# Satellite Radio



## gaskillj (Apr 4, 2002)

I have a 330 CiC on order - it's due first week in June. I should be thrilled right? Well I have a small problem that is spoiling it for me. I current;y have an XM (Sony plug-N-pay) in my current car. The thought of a new 330 cabrio in the summer is being tanished by the thought of giving up my satellite radio (no cassette).

I got XM because it was the fist available and I am hooked From what I have read, Sirius has better sound quality, it has a lower profile antenna, no commercials and the programming is not as juvenile as XM's (you can listen at siriusradio.com). Both BMW and Mercedes are going with Sirius. Sirius is national n July so Iwill go with them.
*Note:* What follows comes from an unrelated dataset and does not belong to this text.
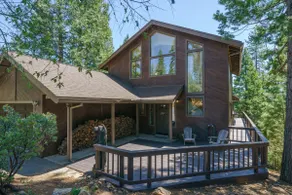 Nine Pines - Blue Lake Springs - Image 2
My dilemma - hack up the dash, go with FM modulation, or is there some other creative way to do this (i.e., go through the CD changer some way?). BMW won't have a sirius ready head unit until 2003. I could do FM modulation unitl then, but would rather not but two receivers.
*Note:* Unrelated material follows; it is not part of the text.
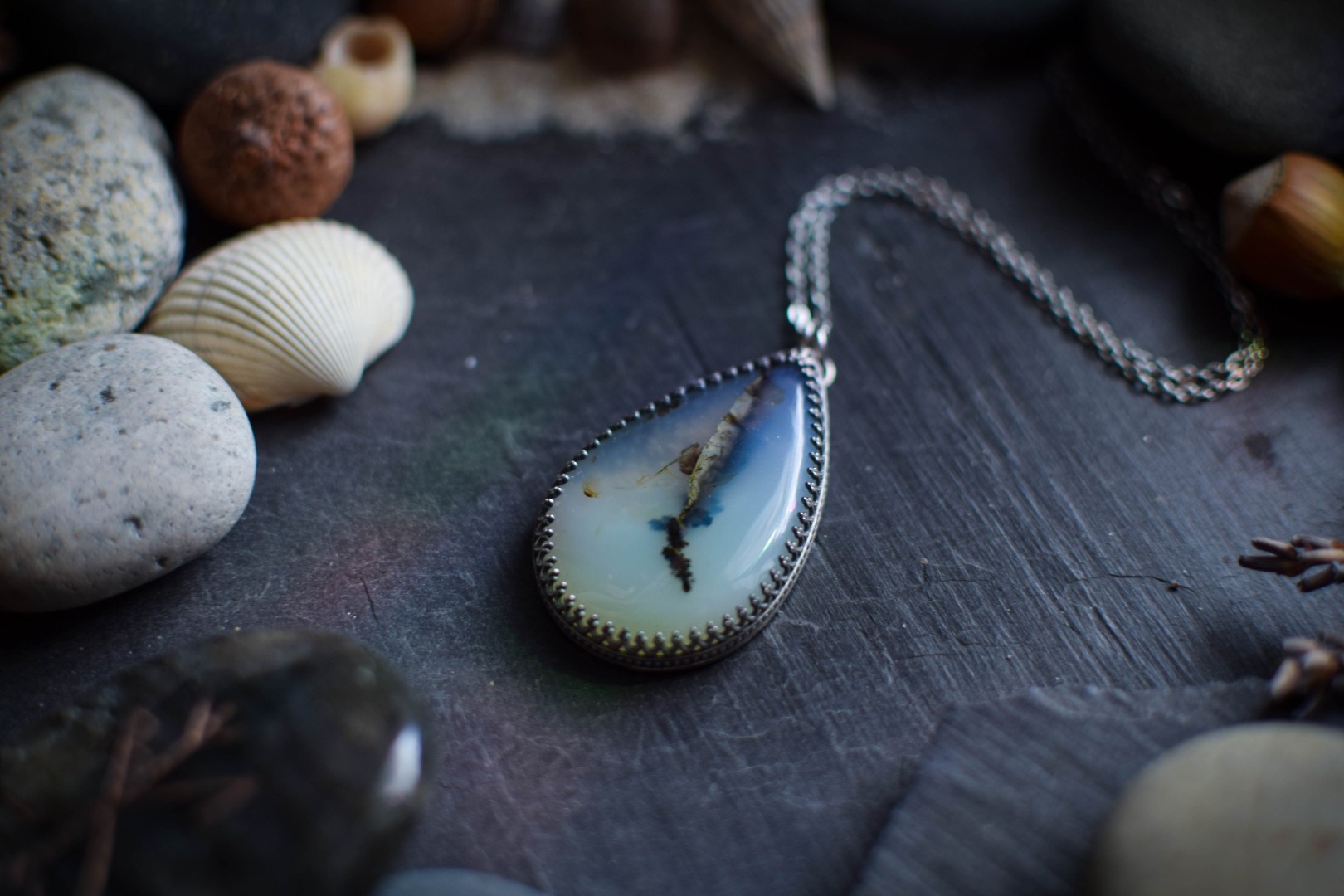 Pendentif ~Le Vol des Corbeaux~ Agate dendritique – Image 5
How bad does the dash look with an aftermarket tuner plugged in? (any pics) Will using an new headunit prevent me from using the steering column controls? I am no audiophile, just a music lover. Thanks for the help.


----------



## ObD (Dec 29, 2001)

gaskillj said:


> *I have a 330 CiC on order - it's due first week in June. I should be thrilled right? Well I have a small problem that is spoiling it for me. I current;y have an XM (Sony plug-N-pay) in my current car. The thought of a new 330 cabrio in the summer is being tanished by the thought of giving up my satellite radio (no cassette).
> 
> I got XM because it was the fist available and I am hooked From what I have read, Sirius has better sound quality, it has a lower profile antenna, no commercials and the programming is not as juvenile as XM's (you can listen at siriusradio.com). Both BMW and Mercedes are going with Sirius. Sirius is national n July so Iwill go with them.
> 
> ...


I'd wait for the BMW OEM option. 2003? The latest press release stated that BMW would start offering Sirius radios as a dealer installed accessory in 2nd quarter 02, ie soon.
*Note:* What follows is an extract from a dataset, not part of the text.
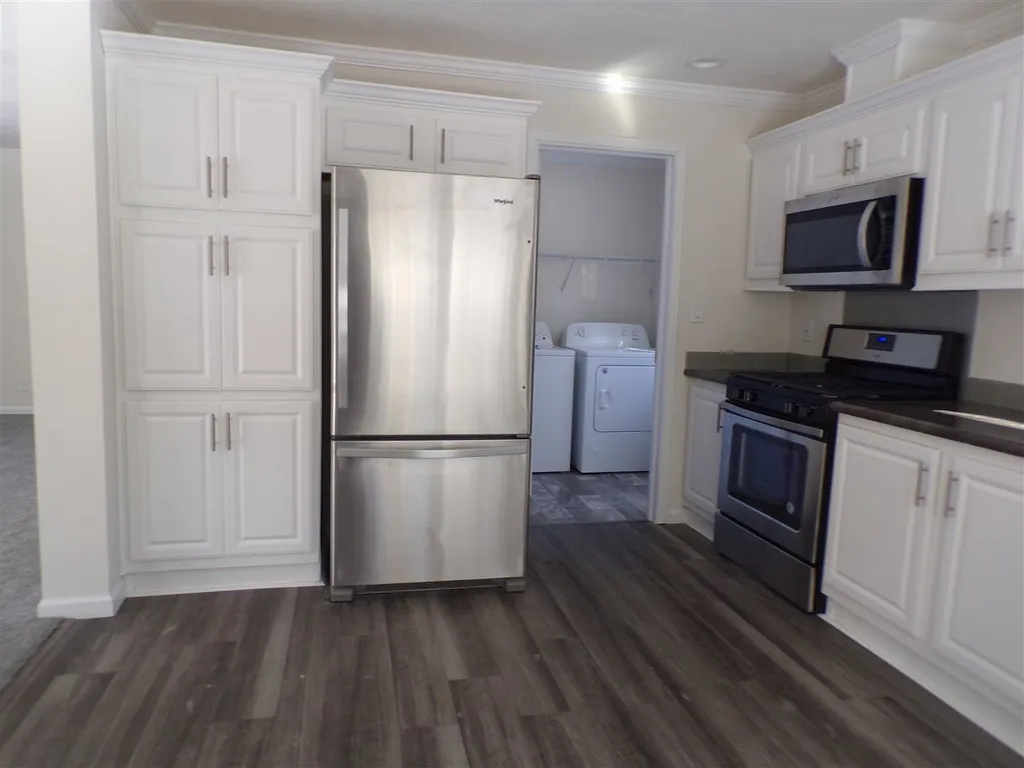 302 Friar Tuck Drive Exeter NH 03833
Yes, you can hack up your dash (actually I'd have a professional do it), and FWIW I don't think any aftermarket radio looks good in the dash other than OEM cause ... well.. its so integrated  Yes, there are infrared adapters which allow you to use the OEM steering wheel controls. Again major hacking will occur.

FM modulation is gonna sound like crap. The benefits would be variety and the commercial free aspects of satellite radio. I still wouldn't do it.

I'd live with the in dash CD (you can always record your own) till a workable OEM solution is out. This is what I'm doing.

YMMV


----------



## gaskillj (Apr 4, 2002)

I probably will wait until their is an OEM replacement, since that it the smart thing to do. The dealers may begin installing before the factory ( i have read 4Q02).

I guess I'll use the $ to buy a UUC twin exhaust and listen to that music instead!


----------



## ObD (Dec 29, 2001)

gaskillj said:


> *
> 
> I guess I'll use the $ to buy a UUC twin exhaust and listen to that music instead!  *


The 3 liter engine definitely makes some sweet muzak. :thumb:


----------



## Adrian 330Ci'01 (Apr 16, 2002)

gaskillj said:


> I got XM because it was the fist available and I am hooked From what I have read, Sirius has better sound quality, it has a lower profile antenna, no commercials and the programming is not as juvenile as XM's (you can listen at siriusradio.com). Both BMW and Mercedes are going with Sirius. Sirius is national n July so Iwill go with them.


Thanks for the link! Very cool!

Alt Nation!!


----------



## gaskillj (Apr 4, 2002)

I think Sirius reception will be better in Canada than XMs. XM's 2 satellites are at the equator while Sirius' 3 satellites orbit over North America.


----------